Protecting Our Children

Posted: March 7, 2007 by April Watkins in Child Safety, Current Events, Issues, Small Towns
Tags: , , , , ,

The other day, I turned on the news and saw the face of the animal, John Couey, who is currently on trial for the kidnapping and murder of Jessica Lunsford. This followed recent news reports of the kidnapping and subsequent recovery of Shawn Hornbeck and Ben Ownby in Missouri.  As I watched, my mind recalled the recent reports of local child abuse and molestation in my own small town area.  I took a minute to compose myself and thought…dear God…it could happen to anyone, anywhere.   
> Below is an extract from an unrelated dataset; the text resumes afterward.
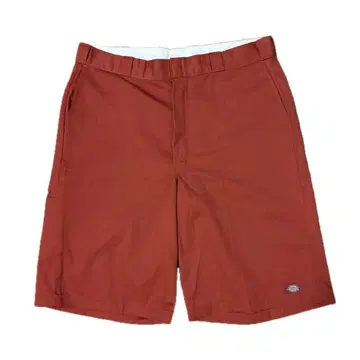 Dickies 레어 컬러 하프 팬츠 W40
Lately, America has been witness to a rash of child abductions.  Luckily, a few have resulted in happy endings with the children being located and returned to their families, such as Elizabeth Smart.  However, for every successful recovery, there are many, many more situations with terribly sad endings. 
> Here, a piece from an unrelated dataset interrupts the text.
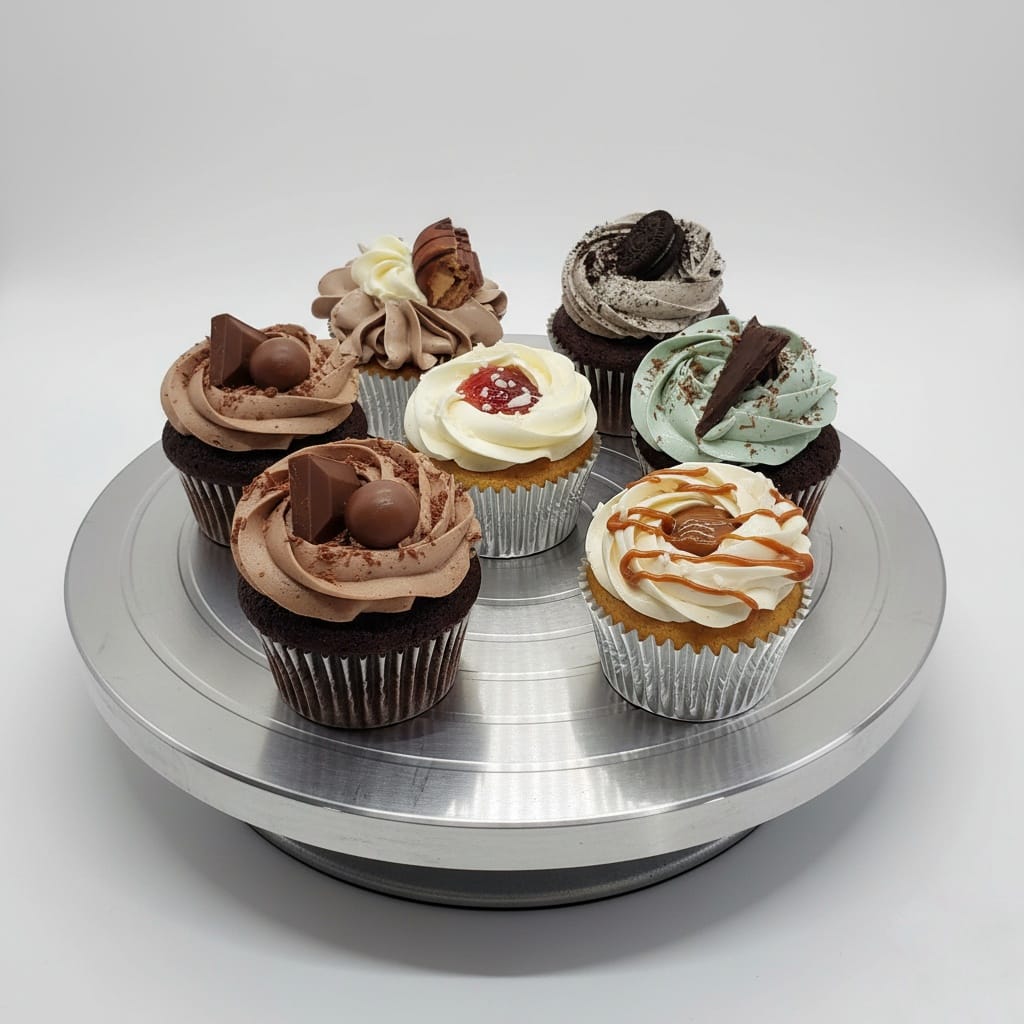 Mix Match 3 Different Flavours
I don’t know if there has been a substantial increase in child abductions in our times, or if we are simply more aware of them due to the advancements in mass communication.  Americans now are alerted to abductions from coast to coast thanks to the media, and to progressive programs such as the AMBER Alert.  According to Regina B. Schofield, National AMBER Alert Coordinator, the alert system has helped to recover more than 300 children since its inception in 1996. 

In the aftermath of the tragedies, there are some positive results.  Our country, our states, and even some large cities have taken the initiative to stop child predation.  Along with 41 other states, Tennessee has recently passed legislation referred to as Jessica’s Law, which imposes a mandatory sentence of a minimum of 25 years in prison and lifetime electronic monitoring of the predator. 

Additional laws that have helped carve the foundation for protecting our children include:  Megan’s Law – which established public access to the location and names of sexual predators; and The Adam Walsh Child Protection and Safety Act Of 2006, a federal act which expanded the National Sex Offender Registry, strengthened federal penalties for crimes against children, authorized regional Internet Crimes Against Children Taskforces, and created a National Child Abuse Registry.   

We all think it wouldn’t happen to our children.  So did the family of little Jessica Lunsford, Polly Klaas, Carlie Brucia and others.  But it does happen and you should know the keys to protecting your children.   Below are ten tips for children and parents as outlined on the Oprah show by former FBI Agent Clint Van Zant.  Together we can make a difference for our children, and that is Why It Matters. 


[Source: – From the show Exclusive: Miracle in
Missouri—Shawn Hornbeck’s Family’s First Interview

Would your child know how to escape a dangerous situation? Former FBI agent Clint Van Zandt recommends 10 very important strategies any child can use. 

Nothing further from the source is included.